» **EXERCISE PROMPT**: Return, word for word, the lines of the listing below from the one with "GUCCI GG Canvas" through the one with "92.5 Silver base", and no other lines.

» **RECORDS SHOWN**:
======

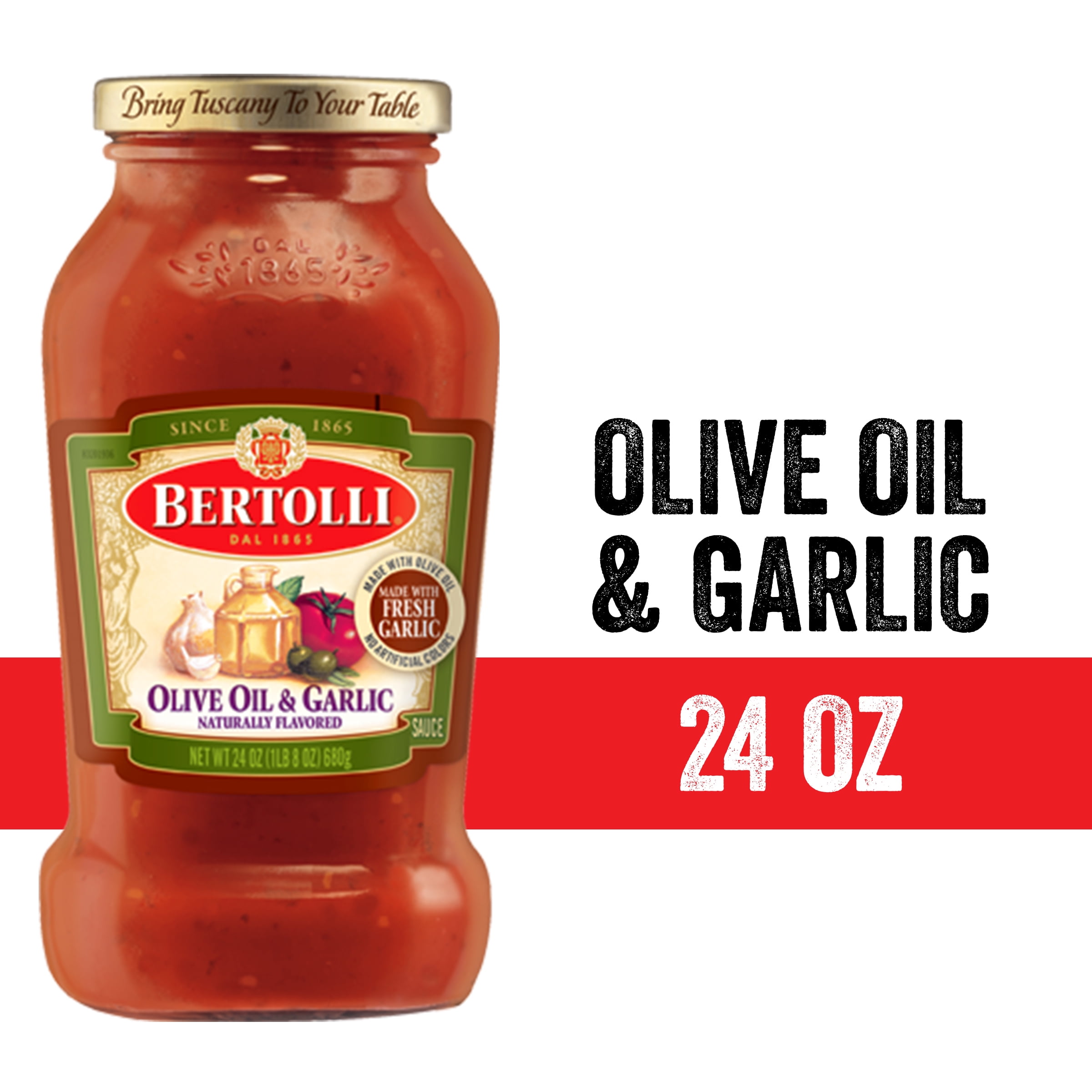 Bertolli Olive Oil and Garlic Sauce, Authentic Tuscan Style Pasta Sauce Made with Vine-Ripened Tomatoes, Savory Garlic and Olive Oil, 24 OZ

======

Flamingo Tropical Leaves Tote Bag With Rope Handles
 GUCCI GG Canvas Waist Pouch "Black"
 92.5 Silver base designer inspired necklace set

======

» **EXERCISE RESULT**:
 GUCCI GG Canvas Waist Pouch "Black"
 92.5 Silver base designer inspired necklace set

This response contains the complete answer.